Explanation of the MT data pipeline in Open-NLLB

Dataset construction process looks like following, there are 10 steps in total (note: the number of steps is semi-arbitrarily chosen so that we end up with approximately self-contained logical units):

Step 1

At the end of the data preparation stage (which happens in Open-NLLB-stopes) we end up with sharded, binarized language directions.

Example: let's take eng_Latn-tur_Latn language direction as an example (meaning English to Turkish direction, both have Latin script). The train dataset has 28 shards that are organized in the following structure:

/data_bin
    /shard000
        /train.eng_Latn-tur_Latn.eng_Latn.bin
        /train.eng_Latn-tur_Latn.eng_Latn.idx
        /train.eng_Latn-tur_Latn.tur_Latn.bin
        /train.eng_Latn-tur_Latn.tur_Latn.idx
    /shard001
        ...
    ...
    /shard027

Both bin and idx files are binary files that have a proprietary format (mmap format).

bin files contain tokenized sentences (we used the SPM-200 tokenizer) per line (in a raw/binary format). All of them are suffixed with an EOS token (</s>) that has index = 2 in SPM-200's dictionary.

idx files contain number of tokens per sentence from the bin file (including the </s> token) per line, aka a single number per line.

The language code just before the .bin/.idx suffix tells us about the processed language in that particular file (i.e. are these English or Turkish sentences).

Step 2

Next up we load the data from the above bin/idx files into mmap or memory mapped dataset.

TL;DR: mmap helps us to deal with datasets whose size can't fit in system memory (RAM). It automagically handles loading from the disk so that you don't have to think about RAM utilization yourself.

It's the lowest level of abstraction and it deals with headers, pointers and bytes from .bin & .idx files.

You can find its implementation in the MMapIndexedDataset class.

Step 3

We then wrap the mmap dataset for both the source and the target language into PrependTokenDataset.

As the name suggests it prepends the lang tokens to all src & trg tokenized sentences (token here means a number/index in the SPM dictionary not something like _an).

Language tokens look something like __hin_Deva__ and have their own corresponding index in the SPM dictionary.

So at this point the source/target sentence might look something like: 260058 230 392 22050 2 (format = (lang token = 260058, data tokens = 230 392 22050, </s> = 2).

Step 4

We then wrap the source/target PrependTokenDataset datasets into LanguagePairDataset abstraction.

Step 5

We then wrap multiple LanguagePairDatasets (for every lang direction we are training on) into SampledMultiDataset.

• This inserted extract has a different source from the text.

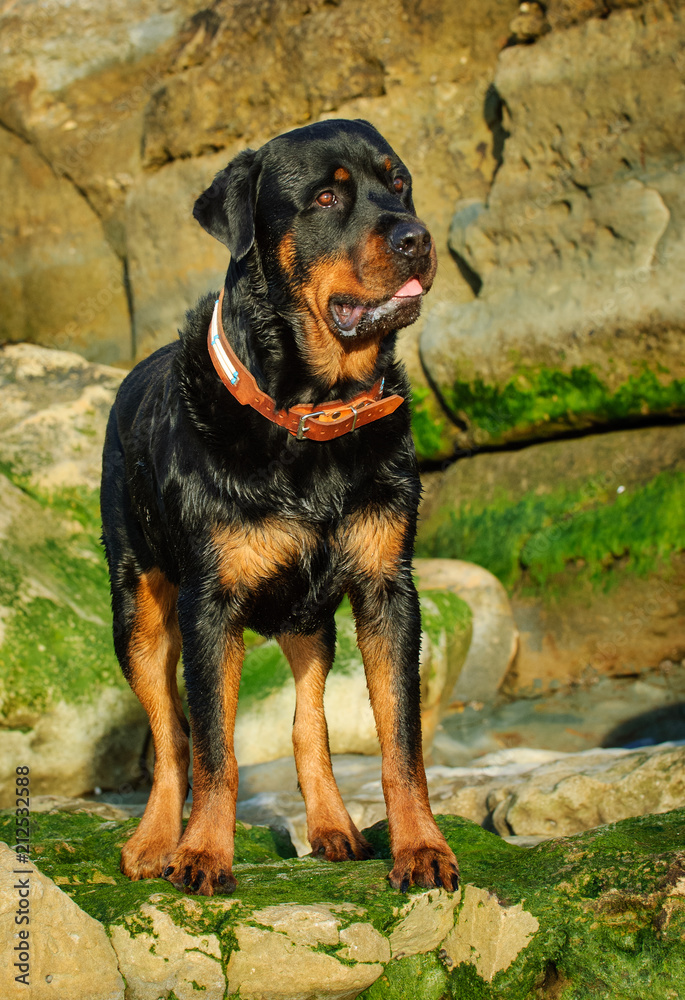 Rottweiler dog outdoor portrait standing on rocks with moss Rottweiler dog outdoor portrait standing on rocks with moss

This dataset additionally assigns a sampling ratio to each of its LanguagePairDataset subsets - based on the size of the subset. For example if one subset has 75M sentences and the other one 25M the sampling coefficients will be 0.75 and 0.25 respectively (unless we modify the temperature). That means we'll be sampling 3x more data from the bigger subset (proportionally).

But if we change the temperature from 1 to something above/below it - it also computes the "virtual size" of the dataset now that we’ve potentially upsampled (or downsampled) some of the lang-direction subsets.

Note on virtual size: as an example if we have 2 lang directions one with 1M and one with 0.5M sentences and temperature > 1 then the virtual size is basically 1M + 0.5Mc, where c is a coefficient larger than 1. Thus we end up with a virtual size that's bigger than 1.5M sentences (we will effectively duplicate certain sentences from that smaller subset).*

It finally pre-computes all of the indices for this particular epoch for the virtual dataset and creates a random permutation of those indices.

Step 6

Next we wrap SampledMultiDataset into EpochBatchIterator.

At the end of the get_train_iterator function (which both loads SampledMultiDataset dataset and instantiates the EpochBatchIterator) we call self.reset_dummy_batch(batch_iterator.first_batch) which in return triggers first_batch function to be called which in return calls frozen_batches (len operator acting as the trigger) and finally that function subsequently calls the batch sampler which does the following 2 operations:

a) sorts the virtual dataset indices by target & source sample sizes in that particular order.

b) filters out the samples that are too long (> 512) (either source/target).

c) batches/chunks the indices from a) such that the total number of source/target tokens in a batch (including the padding) is below max_tokens specified by our input training arguments. This is done in the batch_by_size_vec function.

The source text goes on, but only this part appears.